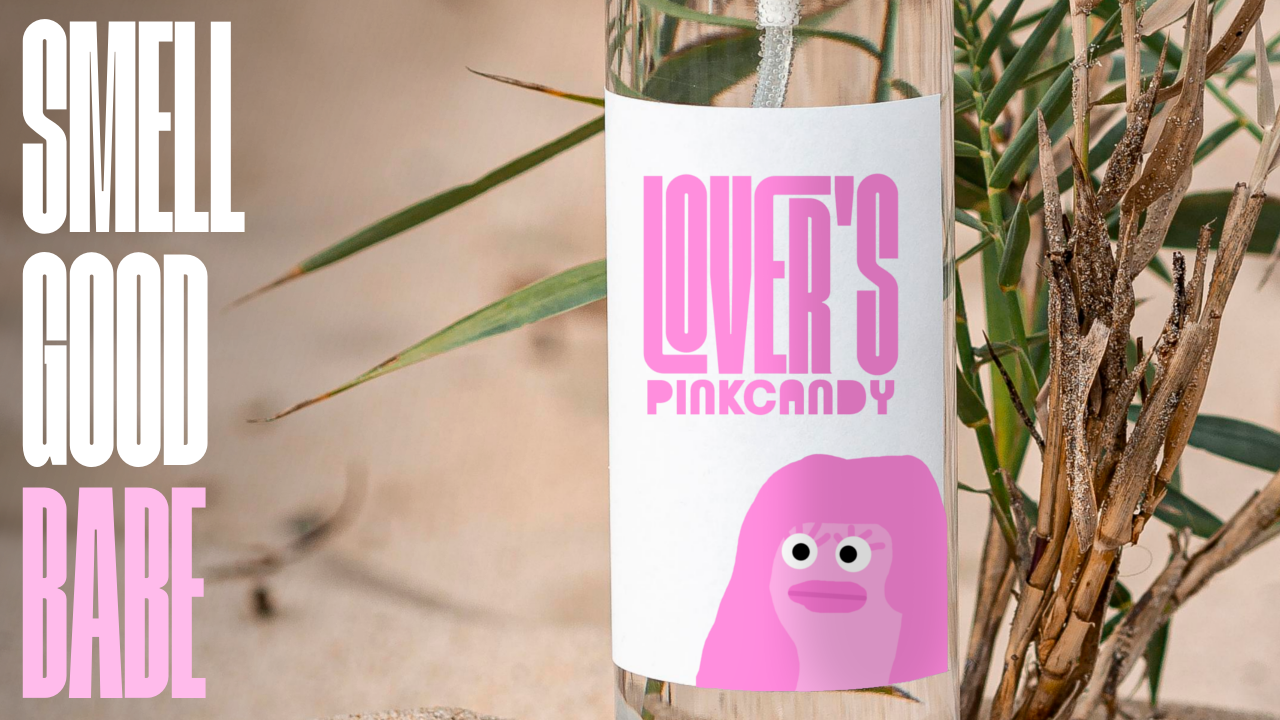 Project showcase image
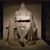 Stephane Labreche's profile image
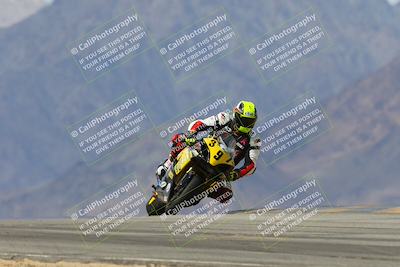 media/Mar-14-2025-2WTD (Fri) [[1c2b4792eb]]/3-B Group/Session 5 (Turn 9)/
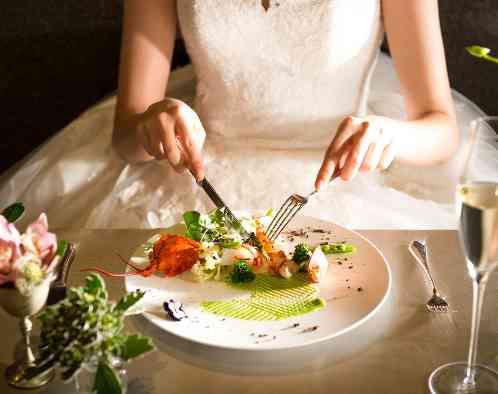 ENOTECA PINCHIORRI(エノテーカ ピンキオーリ)の画像3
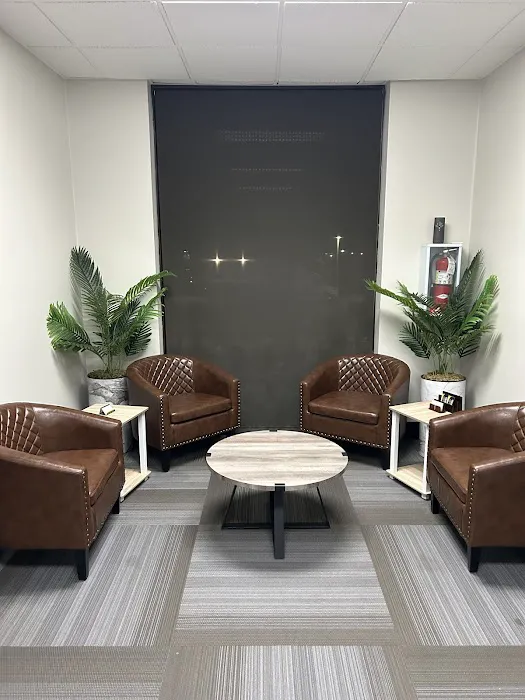 The Law Offices of Carlos H. Davalos 2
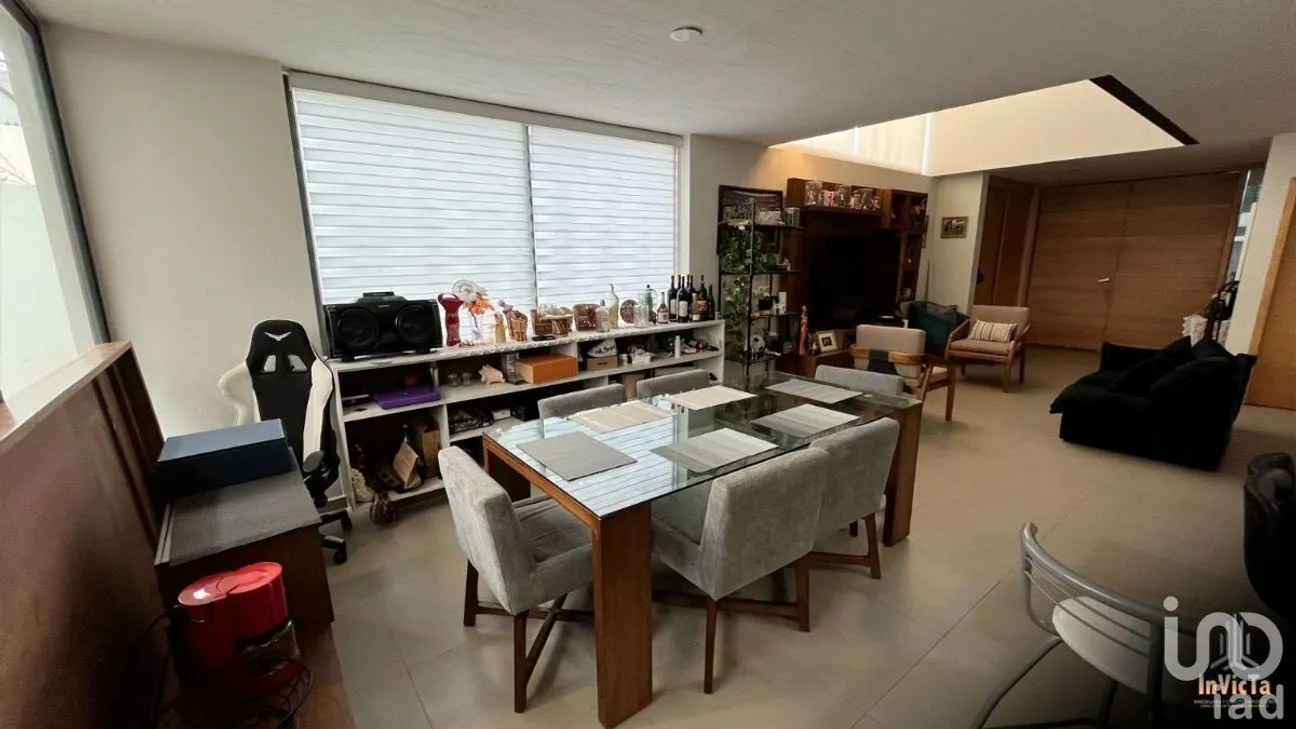 Casa en Venta en Bosques Vallarta, Zapopan, Jalisco | NEX-229512 | iad México | Foto 12 de 25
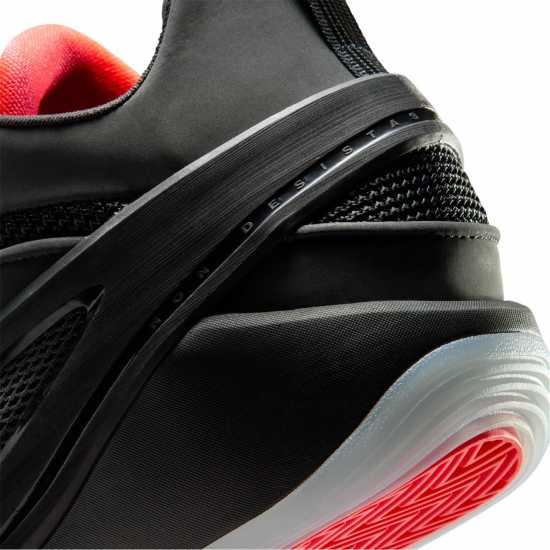 Luka 5 Sn63 Luka 5 Sn63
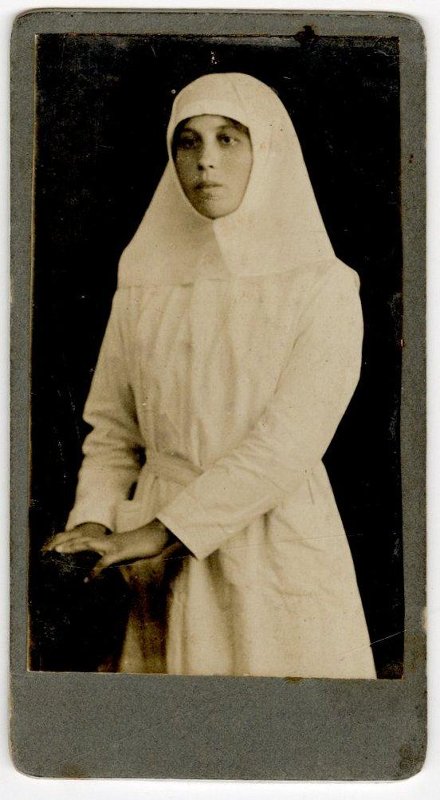 1896925.jpg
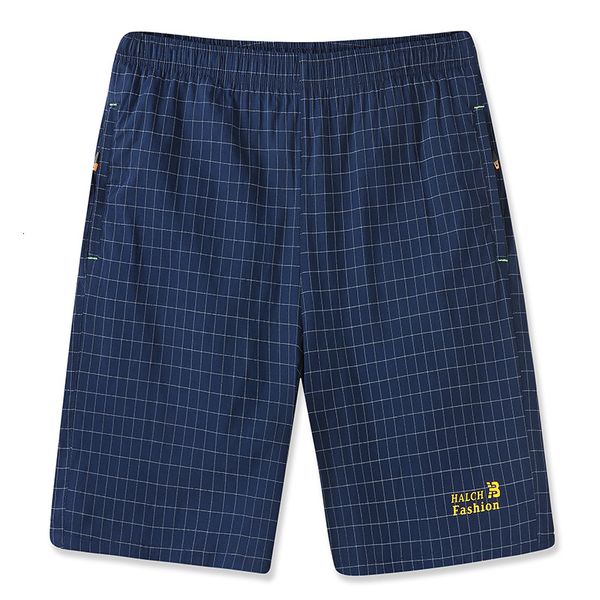 2021 summer new men's black shorts male work man short pants plus size 29-40 l1tz, White;black
2021 summer new men's black shorts male work man short pants plus size 29-40 l1tz, White;black
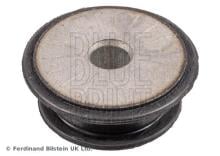 Blue Print ADBP800417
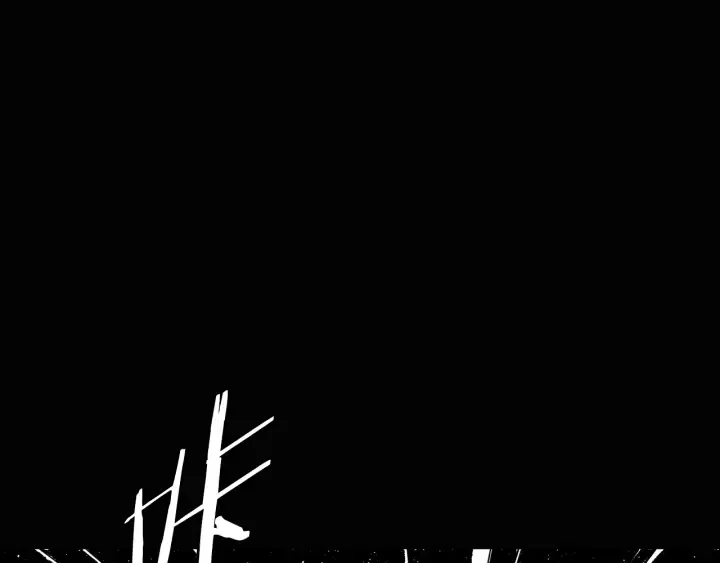 第58话 直面恐惧 第52页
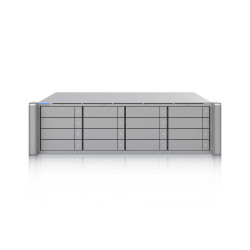 Unitate de expansiune stocare Enterprise 16 Bay HDD/SSD UniFi Ubiquiti, UACC-ESE-16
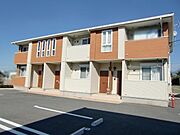 ヒルサイド・Ｓ２の賃貸物件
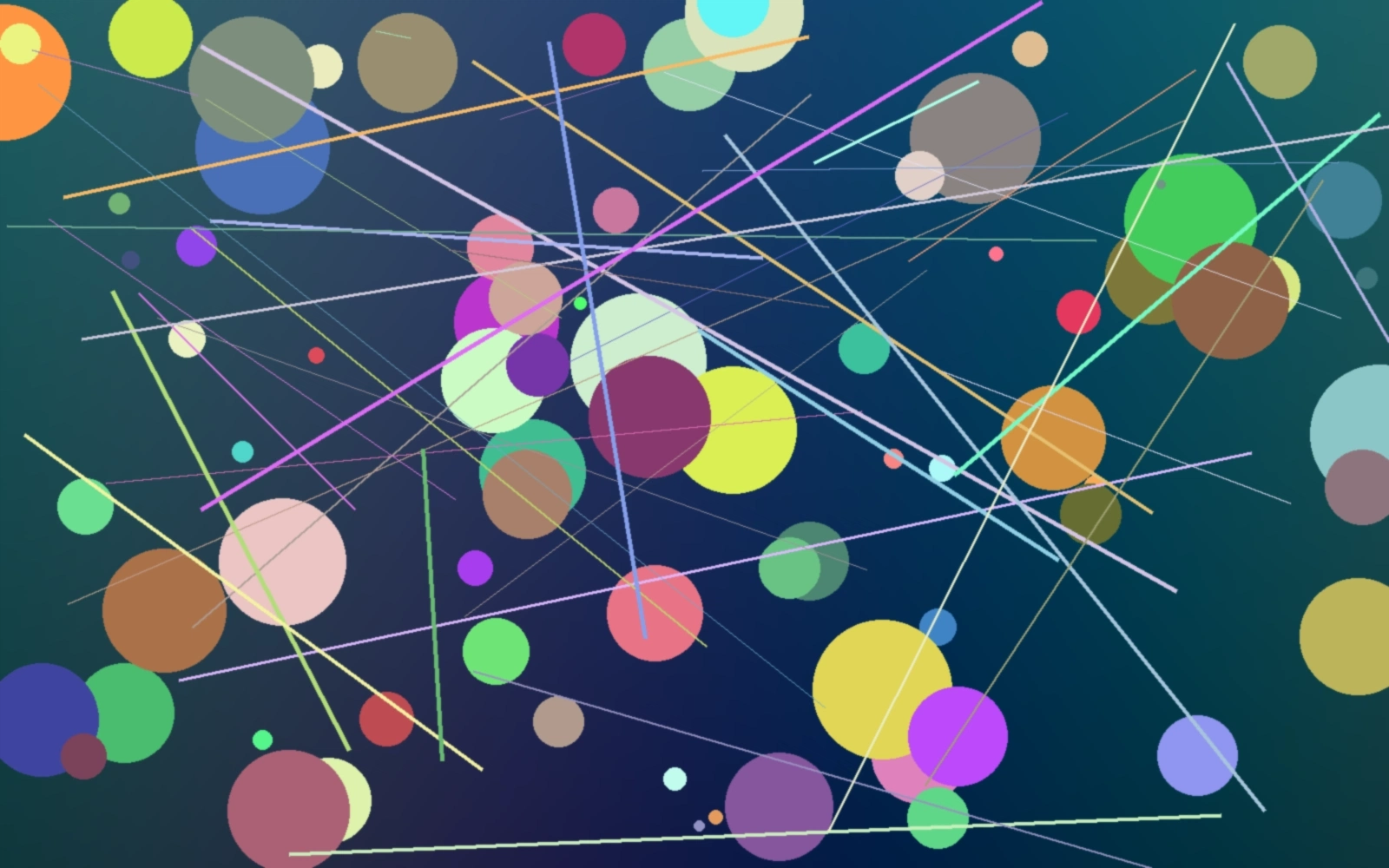 强上作品 | 专业视频创作社区 | 原创不易精选影视作品画廊展示二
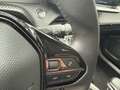 Peugeot 2008 Allure 1.2 Pure Tech/LED/KAMERA/17" uvm Azul - thumbnail 18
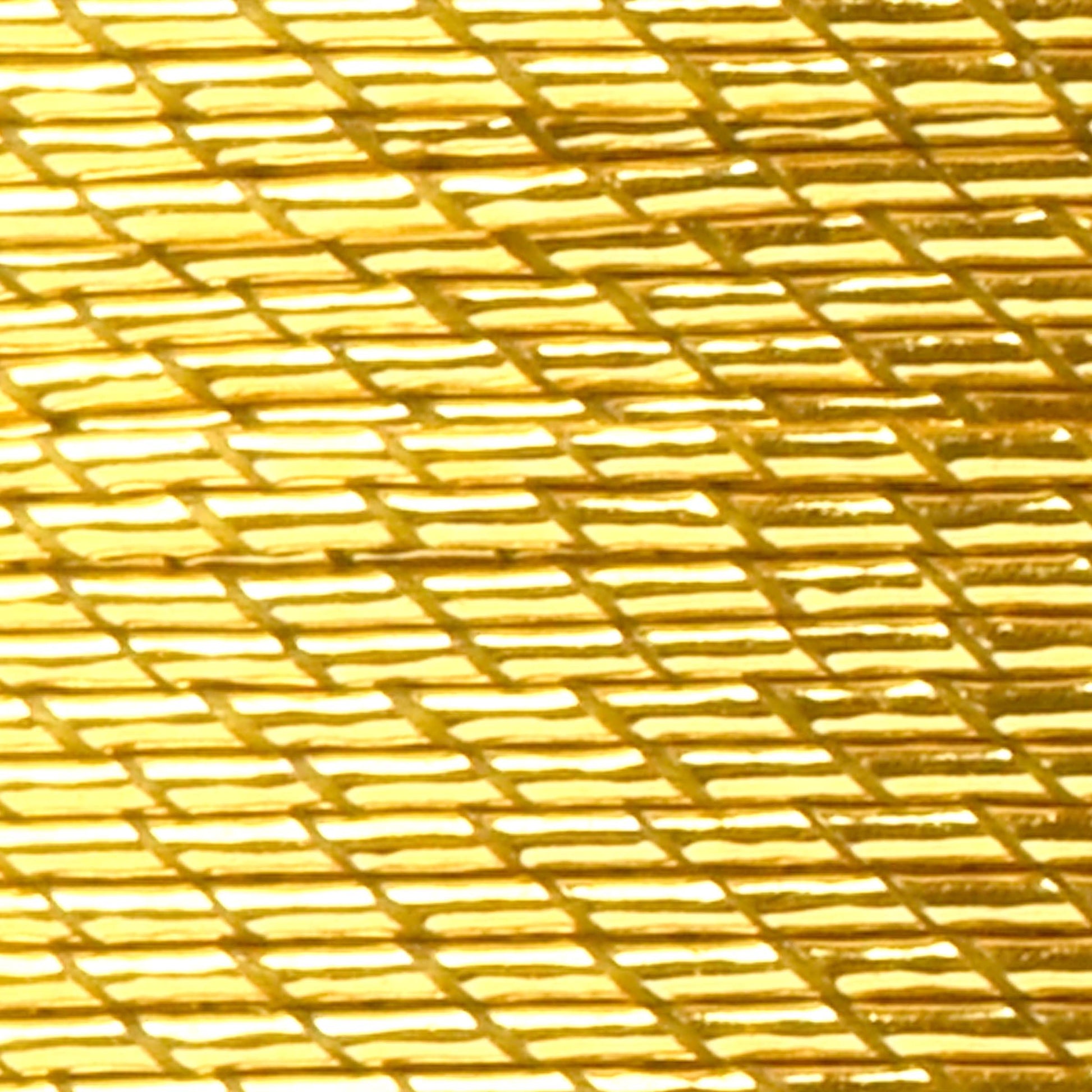 #color_9110 Gold Leaf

- **Work to be completed**:
The answer must be an exact copy of the lines above, from the start of the records through the line with "The Law Offices of Carlos H. Davalos 2", and of nothing else; no pictures belong in it.

- **Answer to this task**:
 Project showcase image
 Stephane Labreche's profile image
 media/Mar-14-2025-2WTD (Fri) [[1c2b4792eb]]/3-B Group/Session 5 (Turn 9)/
 ENOTECA PINCHIORRI(エノテーカ ピンキオーリ)の画像3
 The Law Offices of Carlos H. Davalos 2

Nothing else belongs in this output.